Problem details: Using the entries below, copy exactly each line from the line with "Miniatura 4 de" up to and including the line with "Jaguar Lightweight E-Type, racing green", with every picture left out.

Extracted information:

⁂

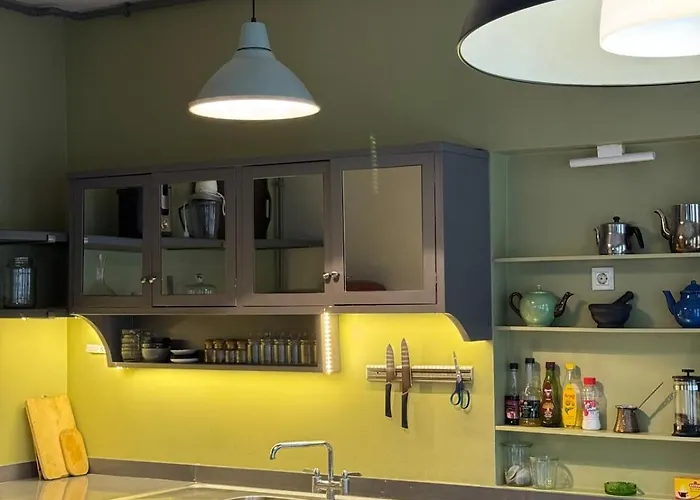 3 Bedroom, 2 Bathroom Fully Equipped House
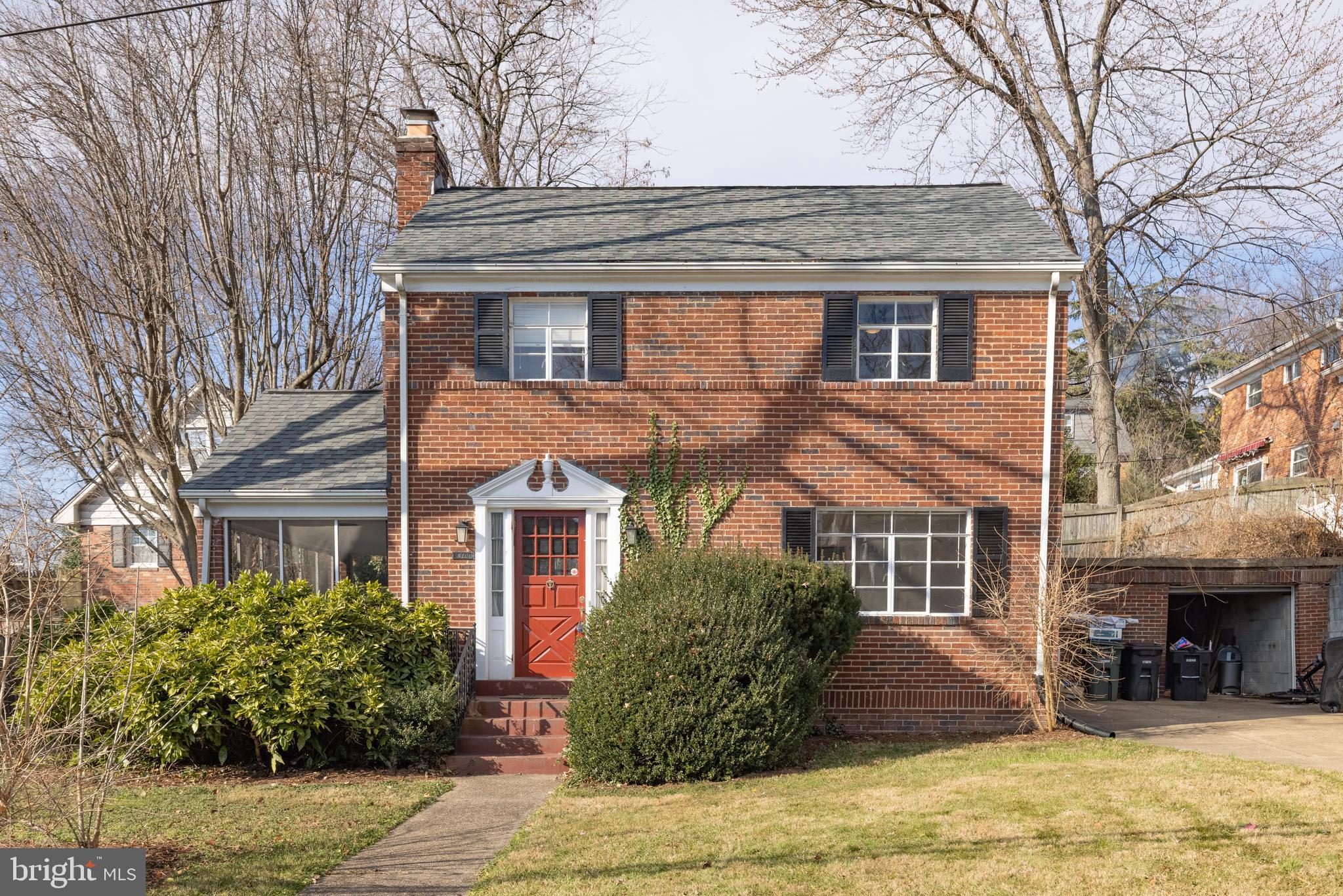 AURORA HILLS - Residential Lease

⁂

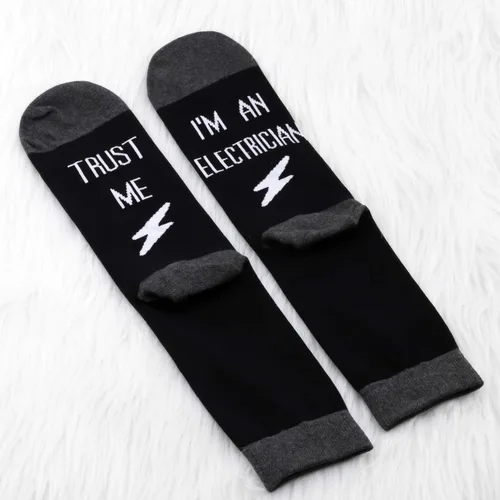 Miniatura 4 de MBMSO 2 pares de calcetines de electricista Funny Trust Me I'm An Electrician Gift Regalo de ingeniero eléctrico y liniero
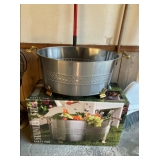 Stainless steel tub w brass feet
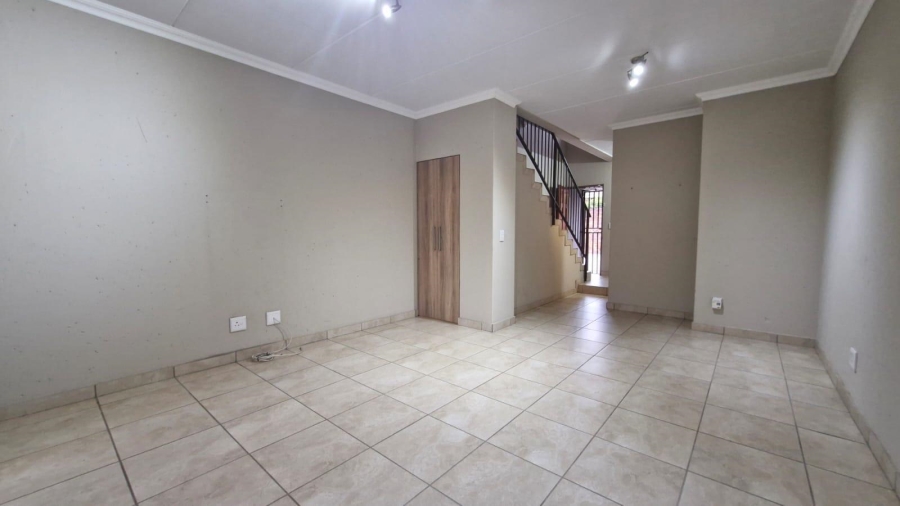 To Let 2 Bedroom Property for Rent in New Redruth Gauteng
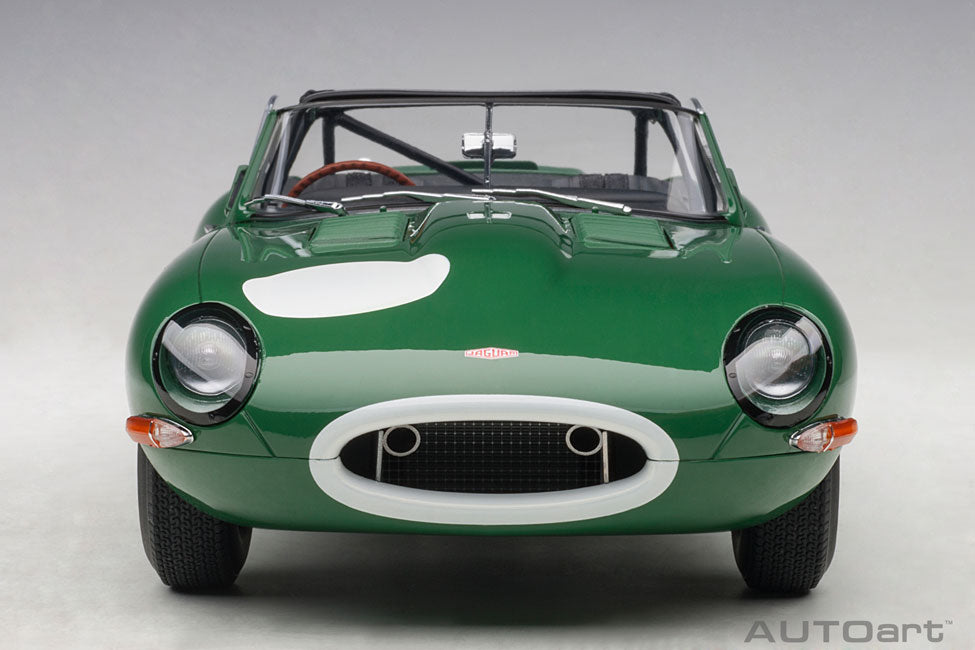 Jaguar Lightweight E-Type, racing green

⁂

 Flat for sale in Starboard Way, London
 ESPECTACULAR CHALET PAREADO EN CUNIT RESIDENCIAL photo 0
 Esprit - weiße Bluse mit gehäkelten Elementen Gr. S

⁂

Solution for this problem:
 Miniatura 4 de MBMSO 2 pares de calcetines de electricista Funny Trust Me I'm An Electrician Gift Regalo de ingeniero eléctrico y liniero
 Stainless steel tub w brass feet
 To Let 2 Bedroom Property for Rent in New Redruth Gauteng
 Jaguar Lightweight E-Type, racing green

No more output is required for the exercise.